Meninos homens versus homens meninos

Coisa prazerosa é identificar a personalidade de pequenos homens. O que são eles? São mais que meninos, oferecem além do que comumente se esperaria deles. São respeitosos com amigos e colegas, com os adultos de convivência. São decididos nas suas vontades, arrojados, mas não precisam bater, empurrar, humilhar nas brincadeiras com os iguais, nem gritar à toa  e responder com grosserias. São também participativos. E com meninas, eles se tornam cuidadosos, observadores, alguns são capazes de gentilezas cavalheirescas.

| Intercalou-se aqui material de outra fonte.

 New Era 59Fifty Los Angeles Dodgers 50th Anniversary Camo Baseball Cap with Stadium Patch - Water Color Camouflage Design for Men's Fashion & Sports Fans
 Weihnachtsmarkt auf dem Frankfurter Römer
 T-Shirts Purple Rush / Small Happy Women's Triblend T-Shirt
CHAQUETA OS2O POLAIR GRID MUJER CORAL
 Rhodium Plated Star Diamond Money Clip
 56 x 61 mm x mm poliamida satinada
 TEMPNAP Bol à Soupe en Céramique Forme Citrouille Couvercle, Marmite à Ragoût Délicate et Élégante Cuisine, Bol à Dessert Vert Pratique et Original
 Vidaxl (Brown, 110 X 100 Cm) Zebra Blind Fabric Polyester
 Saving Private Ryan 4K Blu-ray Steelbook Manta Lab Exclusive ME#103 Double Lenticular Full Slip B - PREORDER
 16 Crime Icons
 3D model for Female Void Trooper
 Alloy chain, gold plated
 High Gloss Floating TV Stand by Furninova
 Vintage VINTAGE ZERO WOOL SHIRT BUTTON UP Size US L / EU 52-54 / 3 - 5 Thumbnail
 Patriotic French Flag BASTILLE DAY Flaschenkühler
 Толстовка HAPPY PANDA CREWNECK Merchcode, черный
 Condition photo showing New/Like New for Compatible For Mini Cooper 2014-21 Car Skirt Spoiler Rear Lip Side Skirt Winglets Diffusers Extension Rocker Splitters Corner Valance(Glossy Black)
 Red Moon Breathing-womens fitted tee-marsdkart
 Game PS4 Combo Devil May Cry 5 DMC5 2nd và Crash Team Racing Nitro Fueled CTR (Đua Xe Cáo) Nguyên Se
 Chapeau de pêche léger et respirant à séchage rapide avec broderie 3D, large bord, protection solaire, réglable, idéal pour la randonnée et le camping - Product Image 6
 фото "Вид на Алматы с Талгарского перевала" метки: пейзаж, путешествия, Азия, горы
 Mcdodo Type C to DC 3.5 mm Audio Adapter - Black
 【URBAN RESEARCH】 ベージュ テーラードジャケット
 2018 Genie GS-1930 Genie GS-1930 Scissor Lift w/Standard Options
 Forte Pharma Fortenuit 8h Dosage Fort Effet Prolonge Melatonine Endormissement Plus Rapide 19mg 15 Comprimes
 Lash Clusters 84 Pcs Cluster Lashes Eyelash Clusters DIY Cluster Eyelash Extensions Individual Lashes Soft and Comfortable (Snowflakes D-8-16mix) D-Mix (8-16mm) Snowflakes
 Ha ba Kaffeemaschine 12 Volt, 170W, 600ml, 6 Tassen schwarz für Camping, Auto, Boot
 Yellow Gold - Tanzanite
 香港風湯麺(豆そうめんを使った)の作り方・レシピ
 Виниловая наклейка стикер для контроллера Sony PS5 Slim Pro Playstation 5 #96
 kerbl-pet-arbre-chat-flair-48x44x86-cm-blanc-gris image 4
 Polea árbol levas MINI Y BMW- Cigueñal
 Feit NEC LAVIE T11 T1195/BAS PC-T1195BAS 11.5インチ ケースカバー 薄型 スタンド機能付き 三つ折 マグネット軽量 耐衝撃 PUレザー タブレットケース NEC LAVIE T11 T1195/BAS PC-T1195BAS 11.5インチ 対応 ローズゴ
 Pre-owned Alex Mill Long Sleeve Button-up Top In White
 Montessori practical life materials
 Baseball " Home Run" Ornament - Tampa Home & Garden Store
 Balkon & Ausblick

E agora aqueles outros: os homens meninos. Já não é com empolgação que se pode falar deles. Num contato rápido, até dá para rir de algumas criancices, mas cansa rápido. Porque eles precisam ser sempre o centro das atenções. Falam muitos tons acima da normalidade, de forma que a voz do homem menino é sempre a mais destacada do grupo. É um tipo que banaliza brincadeiras de mau gosto, também precisa ostentar em algum aspecto (o brinquedinho do moleque), necessita impor vontades, sobressair-se nos ambientes em que transita. Não tolera rejeição; quando percebe que desagrada a alguém, passa a impor ostensivamente suas atitudes inconvenientes. Para ser um homem menino, não é preciso ser um babaca total. Alguns até trabalham bastante, enfrentam desafios, são bem sucedidos financeiramente. As companheiras, na maioria das vezes, fazem o contrapeso. Pacientes, assumem o papel contemporizador diante dos importunados pelos homens meninos. É comum que digam “ele sempre foi assim, não tem mais jeito mesmo”.

Sorte sua se uma dessas figuras não for seu vizinho. Porque, se for, certamente colocará suas músicas de gosto peculiar num volume que se imponha a dois quarteirões de distância. Afinal, é abusivo e inoportuno, mas o homem menino acha que ele pode, ainda não cresceu e é birrento. Isso quando a figura não chegar estourando a surdina da moto no sábado à tarde, quando você merecidamente tentava sestear.

Não desejo aqui afrontar a teoria de que não se deve abandonar a criança que há dentro de cada um de nós.  O que não pode é deixar a criança subir no telhado para lançar ovos nos passantes. Leveza de espírito, disposição para rir e brincar não fazem mal a ninguém, desde que realmente não invadam o quadrado alheio.